Again, one has done away with the need for a configuration files as the 
code
itself specifies what is required, along with the constraints as to what
order things should be done in.

Another thing this example shows is that handlers when they return None 
due
to not returning an actual response, can still add to the response 
headers
in the way of special cookies as required by sessions, or headers 
controlling
caching etc.

In terms of late binding of which handler is executed, the 
"PythonModule"
handler is one example in that it selects which Python module to load 
only
when the request is being handled. Another example of late construction 
of
an instance of a handler in what I am doing, albeit the same type, is:

   class Handler:

     def __init__(self,req):
       self.__req = req

     def __call__(self,name="value"):
       self.__req.content_type = "text/html"
       self.__req.send_http_header()
       self.__req.write("<html><body>")
       self.__req.write("<p>name=%r</p>"%cgi.escape(name))
       self.__req.write("</body></html>")
       return apache.OK

   handler = IfExtensionEquals("html",HandlerInstance(Handler))

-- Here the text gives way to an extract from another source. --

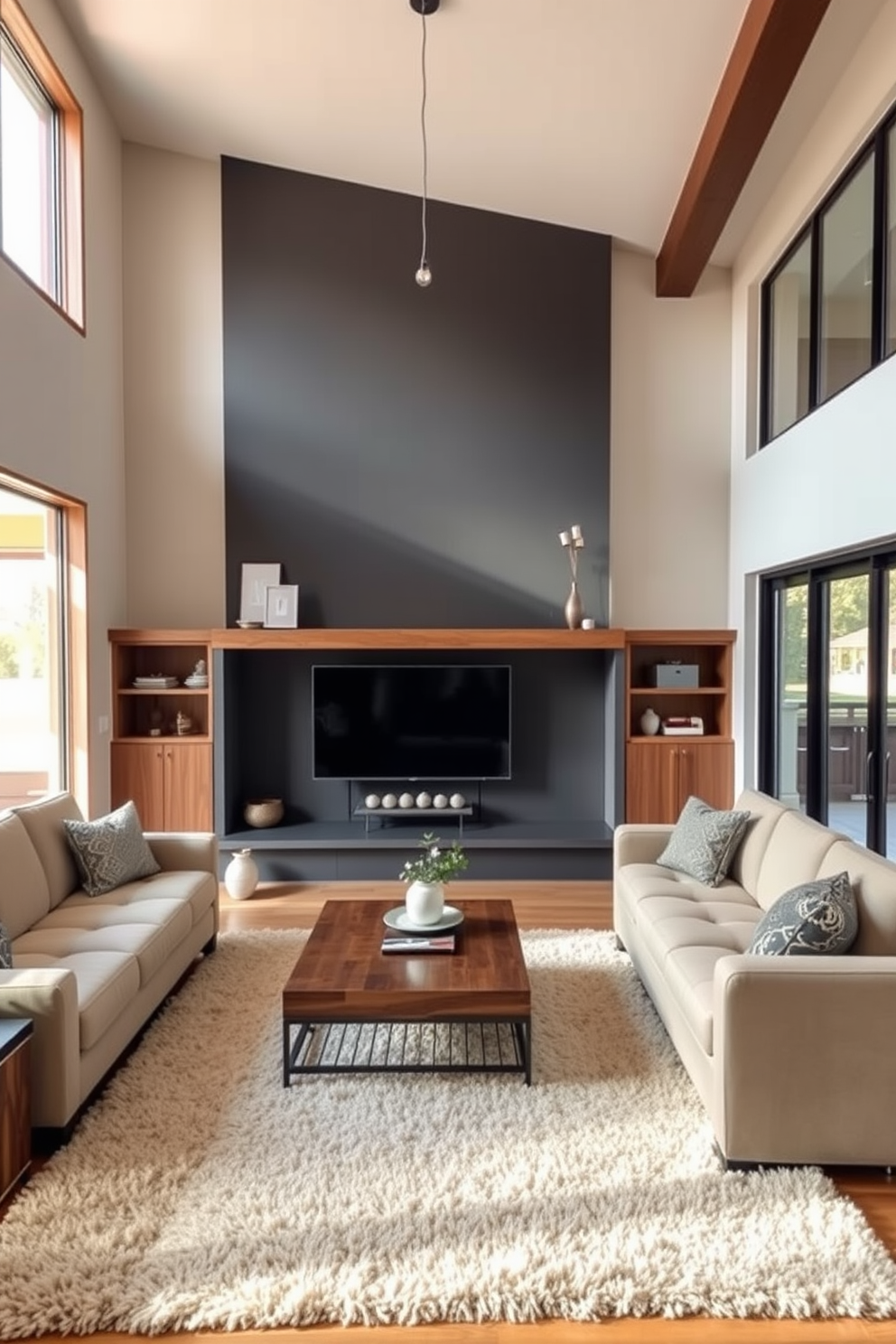 Open concept living space with a cozy fireplace. The room features a large sectional sofa in a neutral tone, complemented by a wooden coffee table and plush area rug. On the wall opposite the fireplace, a sleek flat-screen TV is mounted, surrounded by built-in shelves displaying decorative items. Large windows allow natural light to flood the space, enhancing the warm, inviting atmosphere.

First off the "HandlerInstance" object is only triggered if the request
against this specific file based resource was by way of a ".html"
extension. When it is triggered, it is only at that point that an 
instance
of "Handler" is created, with the request object being supplied to the
constructor.

To round this off, the special "Handlers" handler only contains the 
following
code. Pretty simple, but makes construction of the component hierarchy 
a bit
easier in my mind when multiple things need to be done in turn where 
nesting
isn't strictly required.

   class Handlers:

     def __init__(self,*handlers):
         self.__handlers = handlers

     def __call__(self,req):
         if len(self.__handlers) != 0:
             for handler in self.__handlers:
                 result = _execute(req,handler,lazy=True)
                 if result is not None:
                     return result

Would be very interested to see how people see this relating to what is 
possible
with WSGI. Could one instigate a similar sort of class to "Handlers" in 
WSGI
to sequence through WSGI applications until one generates a complete 
response?

The areas that have me thinking the answer is "no" is that I recollect 
the PEP
saying that the "start_response" object can only be called once, which 
precludes
applications in a list adding to the response headers without returning 
a valid
status. Secondly, if "start_response" object hasn't been called when 
the parent
starts to try and construct the response content from the result of 
calling the
application, it raises an error. But then, I have a distinct lack of 
proper
knowledge on WSGI so could be wrong.

If my thinking is correct, it could only be done by changing the WSGI 
specification
to support the concept of trying applications in sequence, by way of 
allowing None
as the status when "start_response" is called to indicate the same as 
when I return
None from a handler. Ie., the application may have set headers, but 
otherwise the
parent should where possible move to a subsequence application and try 
it etc.

Anyway, people may feel that this is totally contrary to what WSGI is 
all about and
not relevant and that is fine, I am at least finding it an interesting 
idea to
play with in respect of mod_python at least.

BTW, WSGI itself could just become a plugable component within this 
mod_python
middleware equivalent. :-)

   handler = Handlers(
     IfLocationMatches(r"/_",NotFound()),
     IfLocationMatches(r"\.py(/.*)?$",NotFound()),
     WSGIApplicationModule(),
   )

Feedback most welcome. I have been trying to work out how what I am 
doing may
transfered to WSGI for a little while, but if people think it is a 
stupid idea
then I'll no longer waste my time on thinking about it and just stick 
with
mod_python.

Graham